THE TASK
Ignoring the pictures, copy the data exactly.

COLLECTED MATERIAL
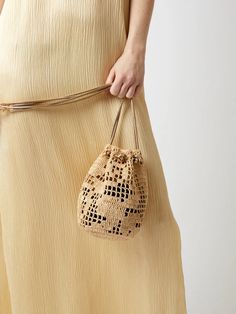 a woman in a beige dress is holding a bag that has holes on the side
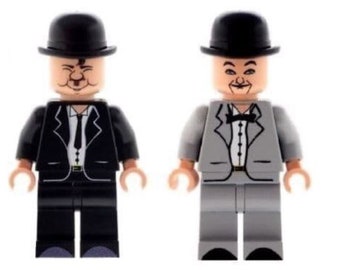 May include: Two LEGO minifigures of men wearing black bowler hats and suits. One minifigure is wearing a black suit and the other is wearing a gray suit.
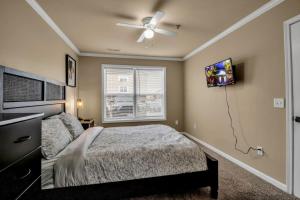 a bedroom with a bed and a ceiling fan at Spacious 3 bed 3 bath Apartment No stairs in Buffalo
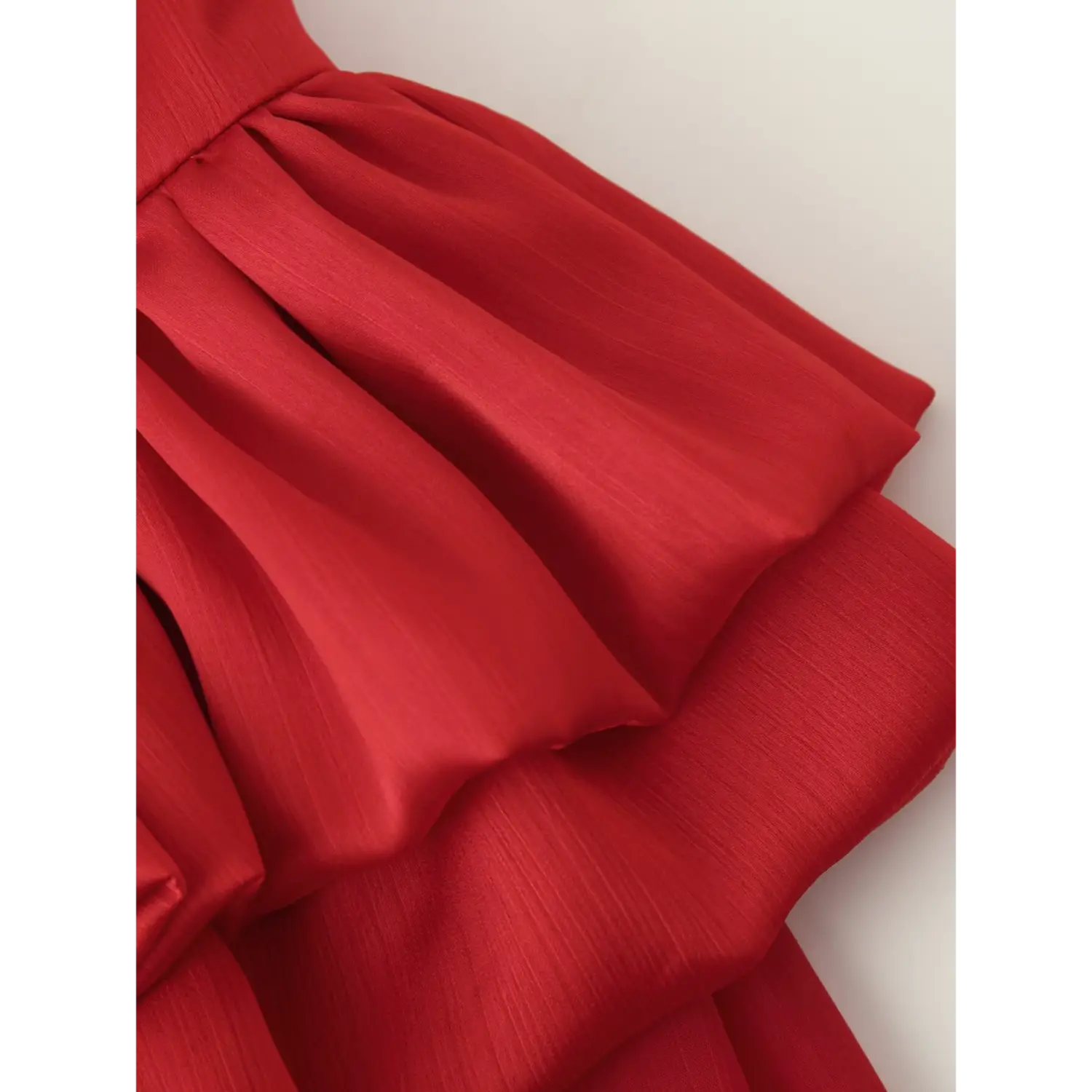 Macro shot of gathered tiered ruffle waist on bright red sheer chiffon maxi skirt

TASK ANSWER
 a woman in a beige dress is holding a bag that has holes on the side
 May include: Two LEGO minifigures of men wearing black bowler hats and suits. One minifigure is wearing a black suit and the other is wearing a gray suit.
 a bedroom with a bed and a ceiling fan at Spacious 3 bed 3 bath Apartment No stairs in Buffalo
 Macro shot of gathered tiered ruffle waist on bright red sheer chiffon maxi skirt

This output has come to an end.